The Minute After: Purdue
Thoughts on a 85-74 win against Purdue:
This started with a dominating performance from the Hoosiers.
The entire first half — and for the first 10 minutes or so of the second — Indiana didn’t give Purdue any room to breath. It was go-go-go, score-score-score. And when the Hoosiers weren’t grabbing defensive rebounds, pushing the pace and getting easy buckets in transition, they didn’t have much trouble showing patience and getting good looks in their half-court offense. There were extra passes. There were several 3-pointers hit (8-of-14 in the first half). There was Cody Zeller passing out of double-teams and finding the open man. By half, Indiana racked up some impressive offensive statistics (49 points, 80% eFG, 1.37 points per possession). It was a clinic and this team’s offense at its best: A mix of easy transition buckets, turning defense into offense, operation into and out of Zeller, ball movement, high energy, getting to the line, feeding off the crowd.

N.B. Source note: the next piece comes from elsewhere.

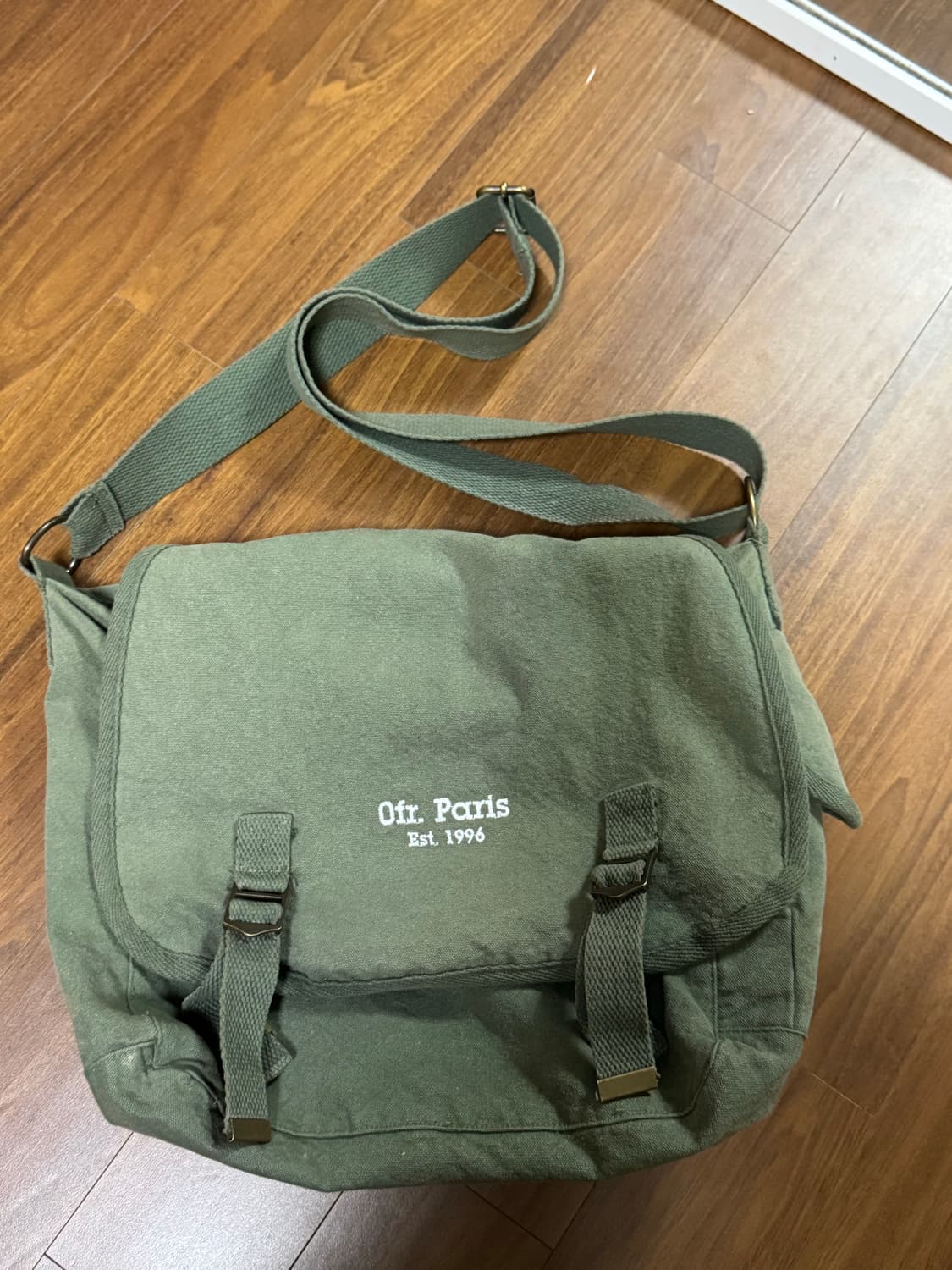 Ofr paris 메신저백 카키 상품이미지3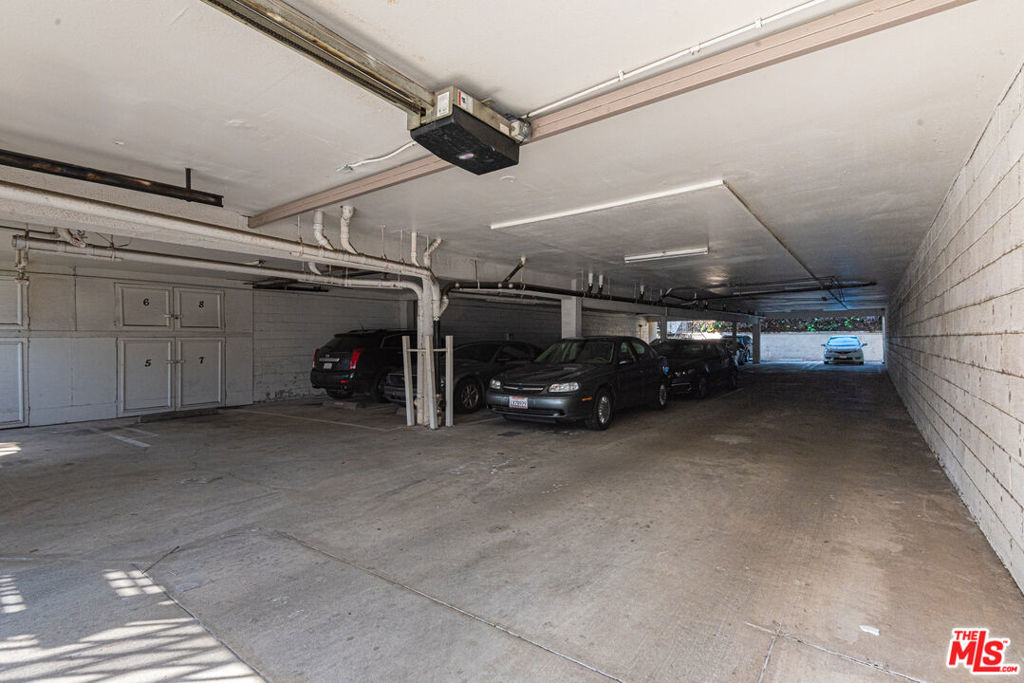 1441 S Bedford Street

But Purdue, even when it found itself down 18 with 13:58 to go, still made a game of this one. The Hoosiers’ offense stalled midway through the second half and Purdue forced them into contested looks late in the shot clock. Robbie Hummel (16 points) and Lewis Jackson (17 points) got it going a bit. A D.J. Bryd 3-pointer cut the lead to just seven with 6:01 to go. Plenty of time to continue the comeback, plenty of time to deflate an Assembly Hall faithful that smelled blood in the water all game. But Indiana never really lost a handle on things the rest of the way out. Its lead bounced back up to 13, then fell to six with 1:20 to go on a Ryne Smith 3-pointer, then climbed back up to 13 once again on the strength of some strong free throw shooting as Purdue was forced to foul late in the contest. (Indiana in that departement for the game: 47.2 free throw rate, 19-25 from the line.) Two Lewis Jackson free throws with 40 seconds to go inched Purdue within 11, and that wrapped up the scoring on the evening.
The Hoosiers beat the Boilermakers yet again this season. With the win, they beat out Purdue for fifth place in the conference. And it’s also one that gives them 24 regular season wins coupled with just seven losses. For all this program has been through the past three seasons, that’s impressive. Damn impressive.
All five seniors — Verdell Jones (who was smart with the ball all night), Daniel Moore, Kory Barnett, Tom Pritchard (who got a bucket tonight), Matt Roth (who hit three big 3-pointers to open it up before halftime) — finished this one out on the court together in the final seconds. It’s a group that will hold a special place in the hearts of this fanbase, not because of conference titles or individual awards, but because they were here when no one else wanted to be, when Indiana was down and out, and they helped bring it all back.
But this run, this great story isn’t over yet.
For the first time in the Tom Crean era, Indiana has the opportunity to make some noise in the Big Ten Tournament. Oh, and there’s that NCAA Tournament, too.
Beam with pride tonight. Strap it in for what’s to come.